Turkey will keep attacking PKK in Iraq: Foreign ministry


FE Team | Published: December 15, 2018 15:50:41 | Updated: December 17, 2018 17:47:03


A Kurdish Peshmerga fighter aims to fire during a battle with Islamic State militants at Topzawa village, near Bashiqa, near Mosul, Iraq October 24, 2016 - Reuters

Turkey will keep striking Kurdish PKK fighters in northern Iraq, the foreign ministry said on Saturday, a day after Baghdad formally complained that repeated Turkish air strikes violated its sovereignty and endangered civilians.

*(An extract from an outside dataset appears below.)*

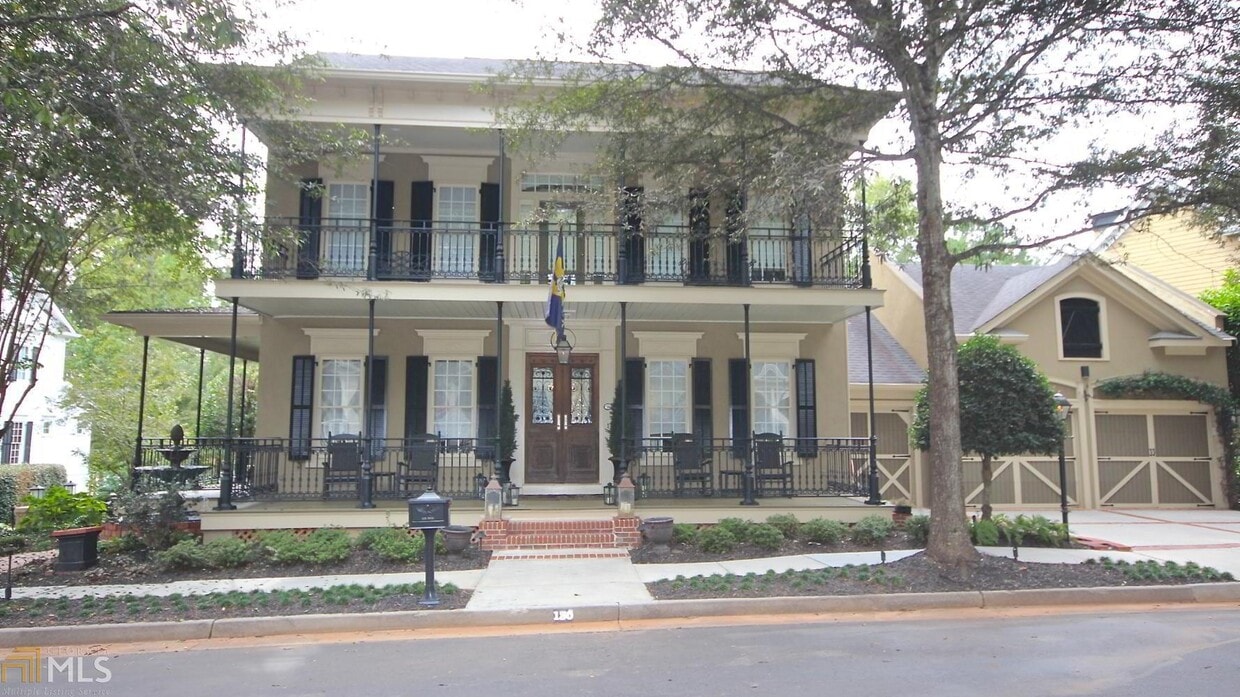 Primary Photo - 130 N Cove Dr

The Turkish military said on Friday it killed eight Kurdistan Workers Party (PKK) militants, prompting Iraqi authorities to summon the Turkish ambassador in Baghdad.

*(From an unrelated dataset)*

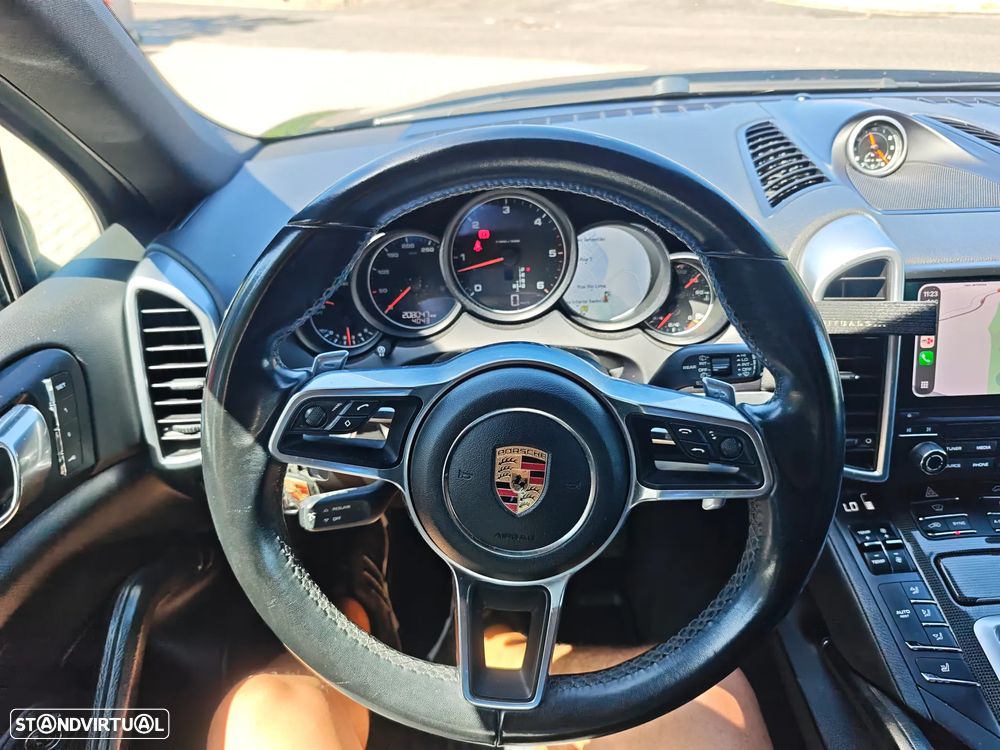 Porsche Cayenne Platinum Edition - 15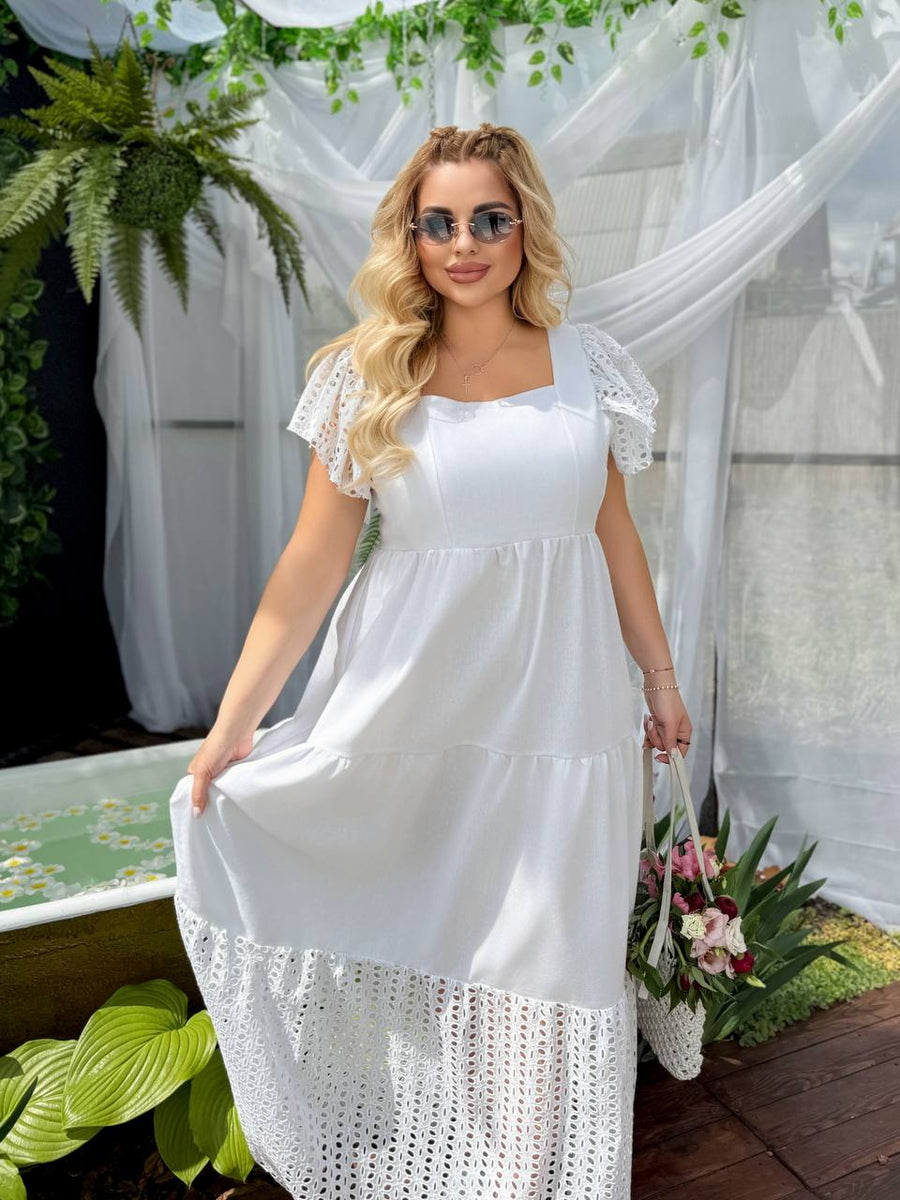 Дълга рокля с бродерия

Turkey regularly hits PKK bases across its southern border, saying the militants use the remote and mountainous northern Iraqi region as a base for deadly attacks inside Turkey, where the outlawed group has waged an insurgency since the 1980s, says a Reuters report.

President Tayyip Erdogan threatened to launch a ground offensive in northern Iraq earlier this year. This week he also announced an imminent operation against a Kurdish militia in neighbouring Syria.

The US-backed YPG militia, which has been fighting Islamic State in Syria, controls Syria’s northeastern border with Turkey. Ankara says it is an extension of the PKK and poses a direct threat to Turkey.

“The activities of the PKK terrorist organization in the territory of Iraq and Syria have become a national security issue for Turkey,” Foreign Ministry spokesman Hami Aksoy said.

He said the government in Baghdad had a duty to prevent Iraqi land being used as a base for attacks on neighbors, and described Friday’s air strikes as an act of self-defense which Turkey carried out because Iraq would not act.

“These operations in the fight against terrorism will continue as long as terror organizations nest on Iraqi soil and as long as Turkey’s security needs require it to,” Aksoy said.

The PKK is designated a terrorist organization by Turkey, the United States and the European Union. It has waged a three-decade insurgency in Turkey’s largely Kurdish southeast that has killed about 40,000 people.